Shah’s team took advantage of a unique and unusual property of living tumour cells – they travel long distances across the brain and return to their original location – like birds returning to a nest. The researchers re-engineered these living tumour cells using CRISPR-Cas9 to release tumour cell killing agents.

They also engineered the cells to produce certain compounds that helped the immune system to recognise, identify, and remember the tumour cells. The result was a long-term response by the body to fight against the cancer.

A double whammy on tumour

“Using gene engineering, we are repurposing cancer cells to develop a therapeutic that kills tumour cells and stimulates the immune system to both destroy primary tumours and prevent cancer,” added Shah, who is also a faculty member at Harvard Medical School.

The next step was to test the efficacy of the engineered `therapeutic tumour cells or ThTC’ in an immune environment resembling that of humans. For this, the team used a variety of mouse strains, including those that had cells from human bone marrow, liver and thymus.

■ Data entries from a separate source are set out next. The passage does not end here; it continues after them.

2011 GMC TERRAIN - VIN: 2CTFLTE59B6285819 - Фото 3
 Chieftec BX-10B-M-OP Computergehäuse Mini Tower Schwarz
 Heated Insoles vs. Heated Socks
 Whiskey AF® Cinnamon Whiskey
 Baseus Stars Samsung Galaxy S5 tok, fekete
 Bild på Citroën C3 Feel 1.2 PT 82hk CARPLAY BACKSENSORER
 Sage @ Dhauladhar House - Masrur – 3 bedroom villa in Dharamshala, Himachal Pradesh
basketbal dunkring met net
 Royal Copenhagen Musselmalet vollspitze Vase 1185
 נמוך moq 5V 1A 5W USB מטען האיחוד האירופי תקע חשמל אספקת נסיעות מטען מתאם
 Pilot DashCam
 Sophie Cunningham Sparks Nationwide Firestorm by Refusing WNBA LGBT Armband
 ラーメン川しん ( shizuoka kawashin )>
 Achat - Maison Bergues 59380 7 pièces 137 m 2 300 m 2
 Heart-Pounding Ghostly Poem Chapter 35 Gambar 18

They also built in a two-layered safety switch;  when activated it could eliminate the ThTCs if necessary. They reported that the novel cell therapy was safe and efficacious in the animal trials, suggesting there was a roadmap towards it becoming a therapy.

Also read: Bringing tired lymphocytes back to life: A new hope for cancer immunotherapy?

While the researchers tested the new cell therapy on glioblastoma, they said the technique was applicable to a wide range of solid tumours, requiring additional study.

The scientists said that while further testing and development was needed, they chose human cells for the test to translate the research into a life-saving solution.

“Our goal is to take an innovative but translatable approach so that we can develop a therapeutic, cancer-killing vaccine that ultimately will have a lasting impact in medicine,” Shah added.